Gov’t steps up measures to protect women against violence

Gov’t steps up measures to protect women against violence

ANKARA
Gov’t steps up measures to protect women against violence

Officials are putting final touches on a draft bill that seeks harsher punishments for those who commit violence against women in Turkey, where incidents of femicides and other acts of violence against women have often made headlines for years.

The Draft Law on Violence Against Women and Amendments Envisioned to be Made within the Scope of Combating Violence in Health, jointly prepared by the ruling Justice and Development Party (AKP) and Nationalist Movement Party (MHP), was submitted to the Turkish Parliament.

According to the draft bill, perpetrators will not be able to benefit from a reduction in sentence due to what is known as good conduct time, and this will apply not only to perpetrators of violence against women but also to those committing other crimes.
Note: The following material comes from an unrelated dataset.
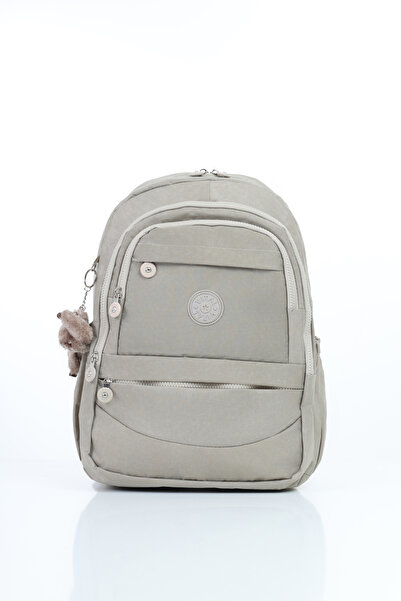 D'VERS Vital Series Beige Crinkle Waterproof Fabric Stylish Daily Backpack wi...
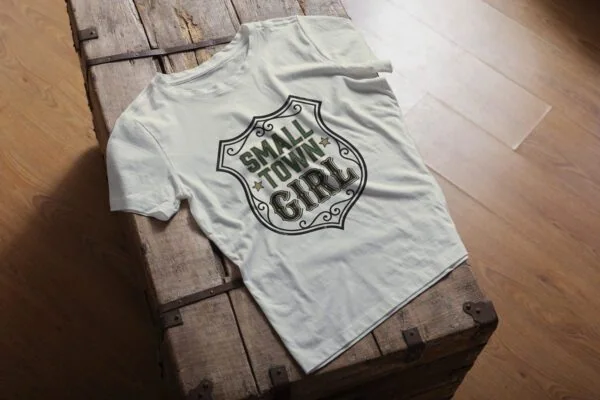 Small Town Girl T-Shirt in arctic blue showing prairie-inspired design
Under the new draft, the sentence for voluntary manslaughter will be increased from life imprisonment to aggravated life imprisonment, while the minimum sentence for intentional injury offense will be increased from four to six months.

The draft also aims to increase the lower limit of the sentence for intentionally injuring a woman from four months to six months in prison and the lower limit for the crime of threatening from six months to nine months.

While the three-year lower limit for the crime of torture against women was revised to five years in prison, stalking will be considered, for the first time, an offense. The new draft also foresees violence against healthcare workers to be classified as a catalog crime.

Meanwhile, the Interior Minister Süleyman Soylu explained the measures taken by his ministry and law enforcement officers within the framework of combating violence against women to members of the Parliamentary Commission on the Investigation of Violence Against Women.

Soylu said that violence against women is a subject that is fed by different dynamics, has its own characteristics, has a more complex structure than other public order incidents and needs more expertise, stressing that there can be no justification for violence against women.

The minister also announced the latest statistics on KADES, an emergency support application for women which directs security units to the place of violence in just minutes upon notification, which became operational in this context in 2018.

Noting that the application has been downloaded by nearly 3.4 million women, he stated that all 337,355 notifications made through the application have been reached immediately, and 189,437 incidents, which are non-false notifications, were immediately intervened.

The minister also emphasized that a center was established that can monitor 1,000 electronic cuffs at the same time, and a total of 1,384 cases have been followed up from this center so far.